Do SUS à segurança pública: os riscos de uma regulação incerta para a IA

Um algoritmo que organiza filas do SUS pode ser classificado como de alto risco, assim como um sistema que analisa imagens de câmeras para identificar pessoas desaparecidas. O mesmo vale para ferramentas que definem prioridades em programas de assistência social ou que monitoram o trânsito em tempo real. A questão é que a amplitude das categorias de risco no PL 2.338/2023 abre margem para que aplicações de naturezas distintas sejam tratadas da mesma forma – com obrigações mais rígidas, custos elevados e prazos longos. No setor público, as consequências desse desenho podem chegar diretamente ao cidadão.

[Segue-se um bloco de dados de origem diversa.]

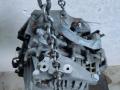КПП механическая (МКПП) Opel Astra J 2011, 1.4 л., A 14 NET, бензин, МКПП, передний привод, 55192042, 883005 - фото №4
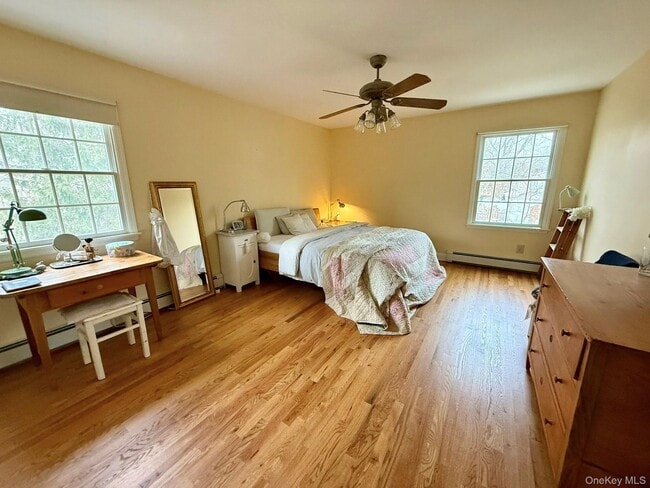 Photo - 86 Krispin Ln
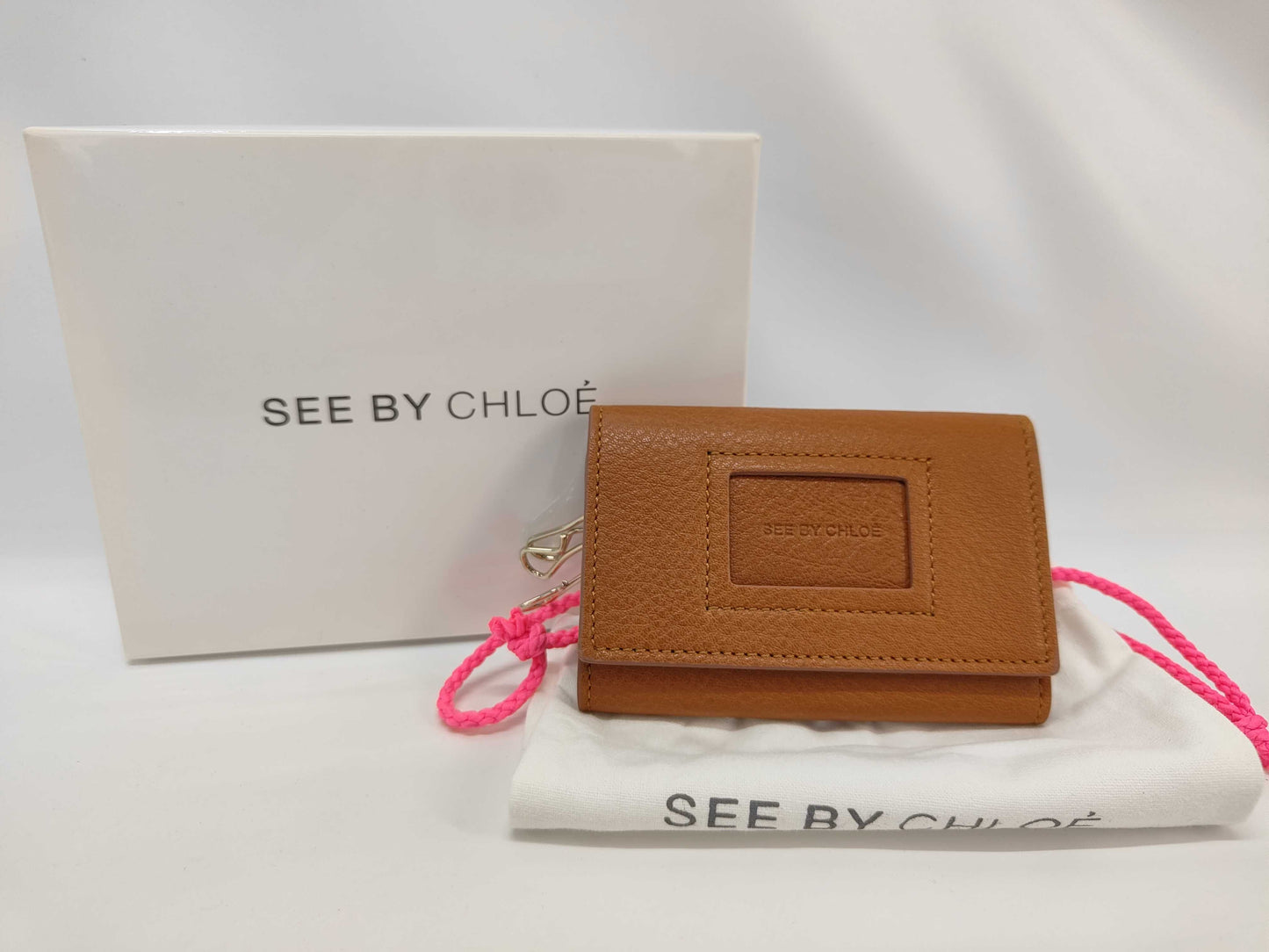 Key Case Key Case/Key Holder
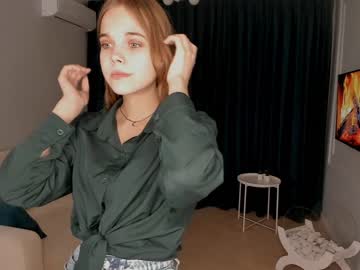 girl
        ambisolos cam image #1951661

O projeto, aprovado pelo Senado em dezembro de 2024 e em debate na Câmara, classifica sistemas de IA de acordo com seu potencial de impacto sobre direitos fundamentais. Para os enquadrados como de alto risco, as exigências incluem avaliações de impacto, auditorias periódicas e neutralização de vieses. A lógica está em proteger direitos. O problema, segundo especialistas ouvidos pelo Estúdio JOTA, é que esse mesmo princípio pode travar iniciativas que já estão funcionando ou desincentivar as que ainda estão por vir. 

Para Fabro Steibel, diretor-executivo do Instituto de Tecnologia e Sociedade do Rio (ITS Rio), o resultado prático tende a ser desigual. “Quem já tem sistemas, continua. Quem não tem, vai pensar três vezes antes. E aí você diminui a inovação boa”, explica Steibel.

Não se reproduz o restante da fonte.